» **Exercise aim**: Beginning with the line that holds "Makita Metallbohrer SDS-PLUS", output every remaining line of the material below exactly, and include none of the pictures.

# # # # #

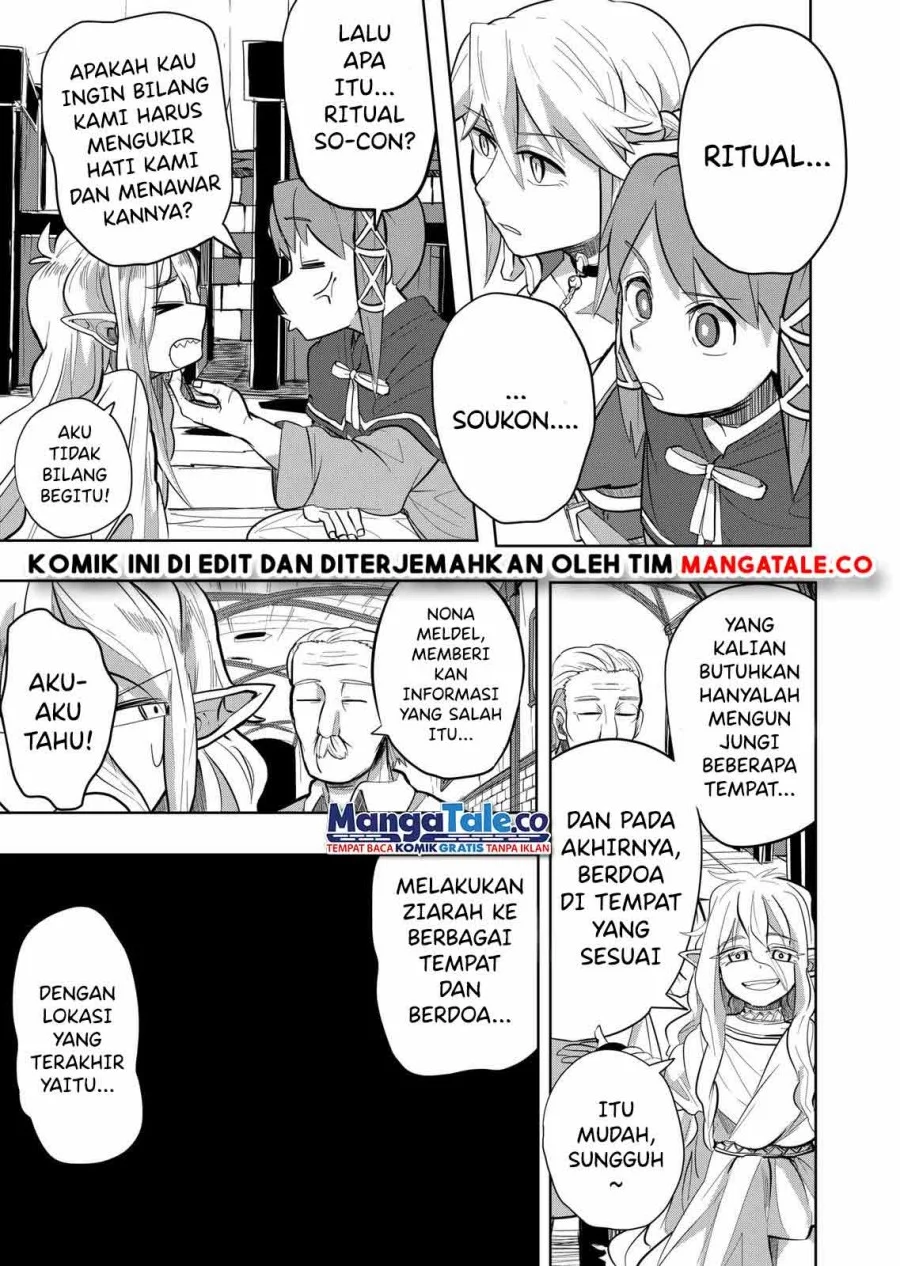 Chapter 18 - halaman 14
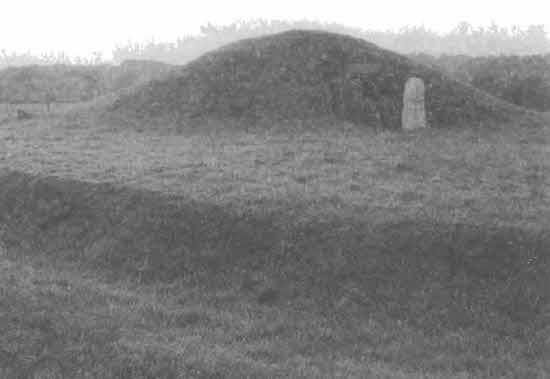 Машина Уриила - i_067.jpg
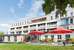 Hotel Schönbuch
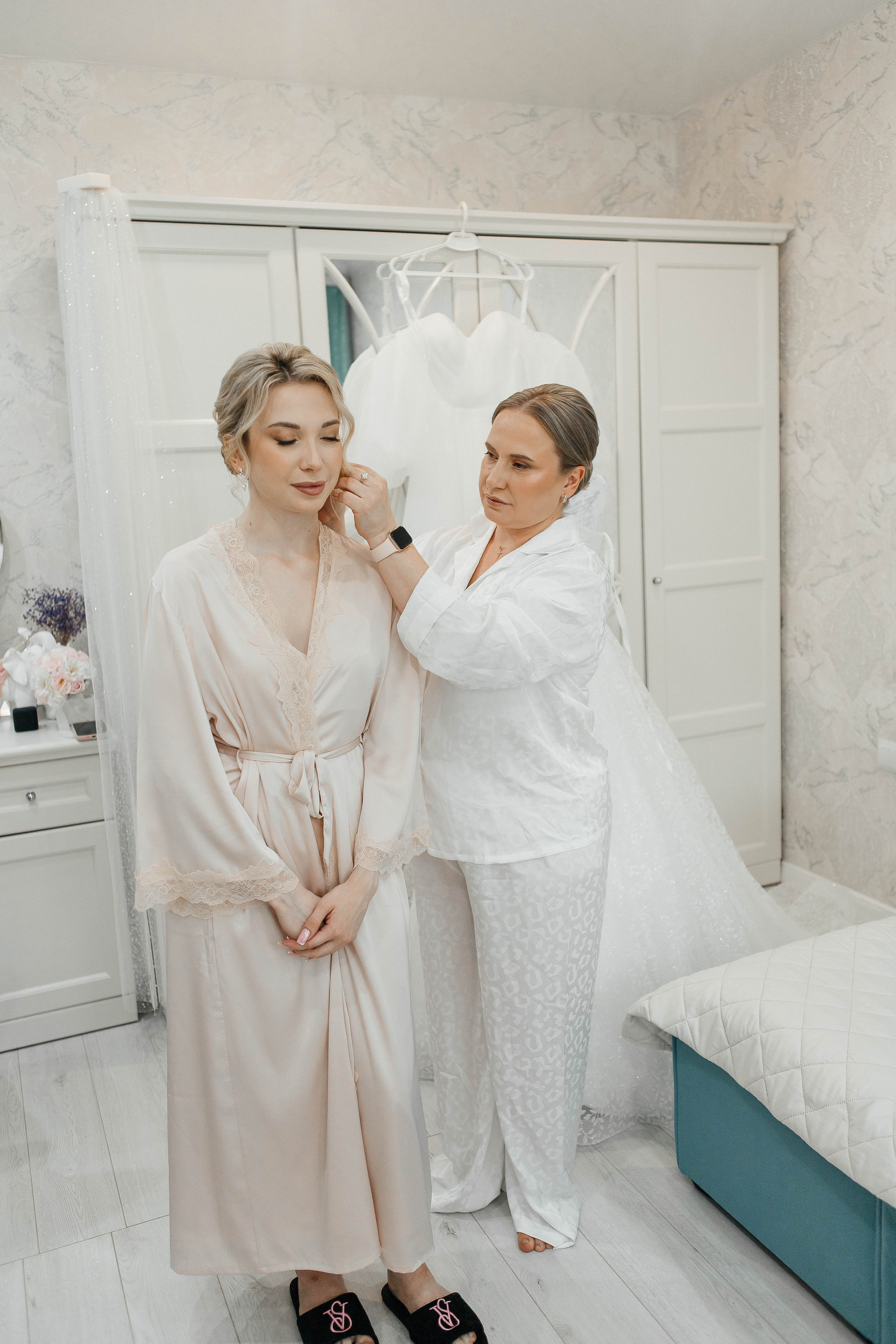 Екатерина&Алексей. Свадебный фотограф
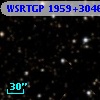 WSRTGP 1959+3046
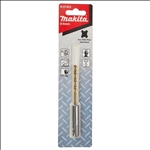 Makita Metallbohrer SDS-PLUS HSS 4,0 x 105 mm #B-57423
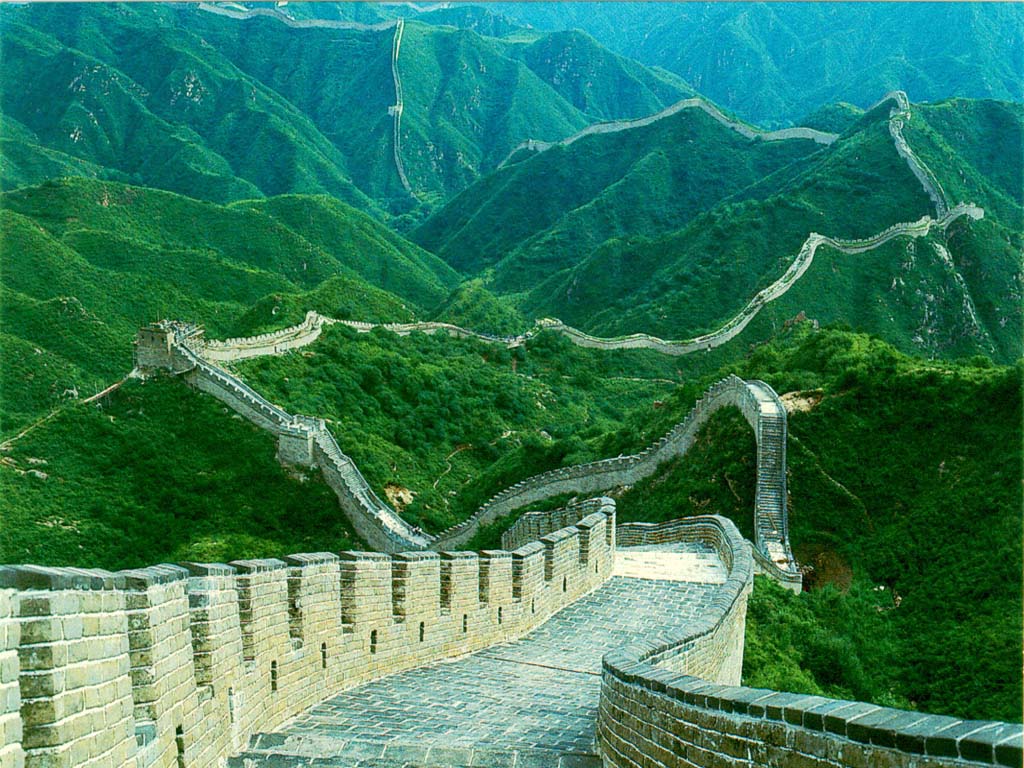 an overview of the country of china an overview of the country of china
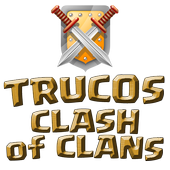 Trucos Clash of Clans icon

# # # # #

» **Answer box**:
 Makita Metallbohrer SDS-PLUS HSS 4,0 x 105 mm #B-57423
 an overview of the country of china an overview of the country of china
 Trucos Clash of Clans icon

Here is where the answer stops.